Four stories. Four tragic tales from the ancient past. Yet four stories that ring true to this day. If these stories and the images they conjure fail to drive us to tears, to righteous indignation, and then to collective action, then there is very little hope left.
1 Texts of Terror:Literary-Feminist Readings of Biblical Narratives (Philadelphia:Fortress Press, 1984), 128pp.

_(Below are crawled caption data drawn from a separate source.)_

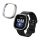 Sada 2 pouzder Kwmobile pro Fitbit Versa 3/Sense, černá/stříbrná, plast, KWM000024ZI002C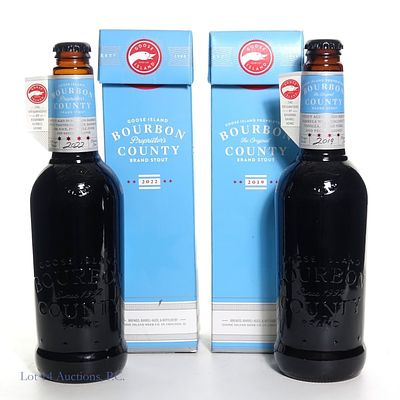 2019 & 2022 Goose Island Bourbon County Stouts (2). 2019 Goose Island Bourbon County Stout in 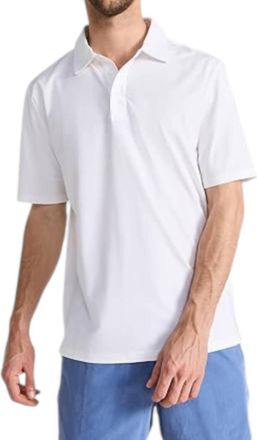 Fair Harbor Ozone Performance Polo Shirt In White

2 These images remind me of the over seven million Filipino migrant workers, most of whom are women. Only two million of them are recognized by the government as legal, the rest are illegal. Most of them are stripped of their passports the moment they get to their destinations. Many of them are forced into prostitution. Many bear the pain of leaving families behind to seek greener pastures, only to find a worse situation abroad. Flor Contemplacion and Sarah Balabagan are just two of these women. I am also reminded of our ancestors who were called "injuns,""niggers," and "brainless brown monkeys" by the white colonizers. In the beginning, only the white folk were called Filipinos. Then there was my mother, the most selfless woman I've known. From childhood, being the eldest in a brood of ten, to adulthood she served and served and served family and church, church and family. She didn’t even get the chance to experience the respite her children’s graduation promised. She died at 49.

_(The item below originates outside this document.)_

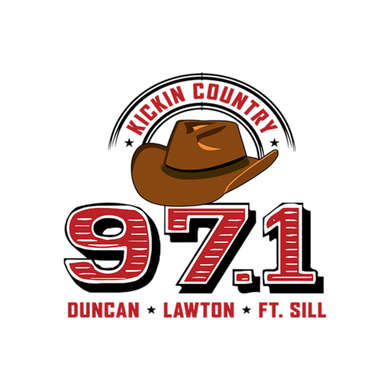 Kickin' Country 97.1 logo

3 This narrative strikes a sensitive chord for me. I know of so many mothers whose lives of hardship, of sacrifice is empowered by the dream that their daughters and sons, one day, would experience something better. And, again, I remember my mother. My parents dreamt of having four children, two girls and two boys, Alpha, Omega, Genesis and Revelation. My parents were very poor but very bright. It was actually stupid to dream of becoming pastors then. They did. God gave them Genesis, Revelation and then Alpha. Alpha's birth was very difficult. It triggered my mother's congenital heart condition. There were also complications. Having to leave the hospital early (due to financial difficulties) aggravated her condition. Omega was to remain a dream, the sister, my partner, who never was. Nanay never got to meet Omega, Genesis' daughter--so named in memory of a sister, a mother's dream for her children.